As a teacher now, I feel teaching in class room and overseeing the students at such moments of crises are equally important responsibilities. Besides, both these roles and responsibilities complement each other. To a teacher, the first day of the session may be like any other day. But, to the student, it is a new day and an alien moment. If he/she (student) finds that the teacher’s protection is there for him/her in some form or other, the school or college soon turns into his/her natural home. I feel proud that my teacher Bipan knew it very well from his experience without undergoing any formal teacher training course.

There were many incidents, when he would be so protective of us! I remember, while defending the claim of one of our batch mates, how he had to fight with another senior teacher in the centre once resulting in a strained relation. Similarly, he was a very hard task master.

Once I had to present a seminar on the Quit India Movement in Orissa. The date was fixed. But, before the due date, as the guid,e he found my preparation to be lacking academic rigour and was below his expectations. It was because I had not taken the task seriously and sincerely. This made him so angry and harsh that it became a kind of nightmare for me for many days. He was always on time and would be very angry on us if we were not. If he was late, he would beg apology like a small child. If he could not see the draft as per his promise, he would say ‘sorry’ like a guilty man. Then he would narrate why could not keep his word. All these would make a student so free that debating and arguing with him was no issue.

Many of the meetings and small size seminar classes were held in his residence at 3, Dakshinapuram in JNU. Then, getting tea for us would be the minimum there. Sometimes two-three students would volunteer to prepare it.

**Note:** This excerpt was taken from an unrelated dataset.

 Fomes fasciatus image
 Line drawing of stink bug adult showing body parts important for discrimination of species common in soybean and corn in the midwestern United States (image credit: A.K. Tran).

In 1986, my first story collection (in Oriya) got published. The same year, I also got an award from a little known literary organization in Orissa for short story writing. By Delhi standards, they were not really great achievements. Why Delhi? They were no graet achievements even by our vernacular standards. Besides, the joy of achievement had died in me because I had failed to qualify the National Eligibility Test (NET) for UGC Fellowship, something very un-common in the academic environment of JNU.

The financial sources from my home had dried up. Added to that there were pressures to assist people at home, a very common story among the students with a background like that of me. All in all, the scene then was quite depressing for me.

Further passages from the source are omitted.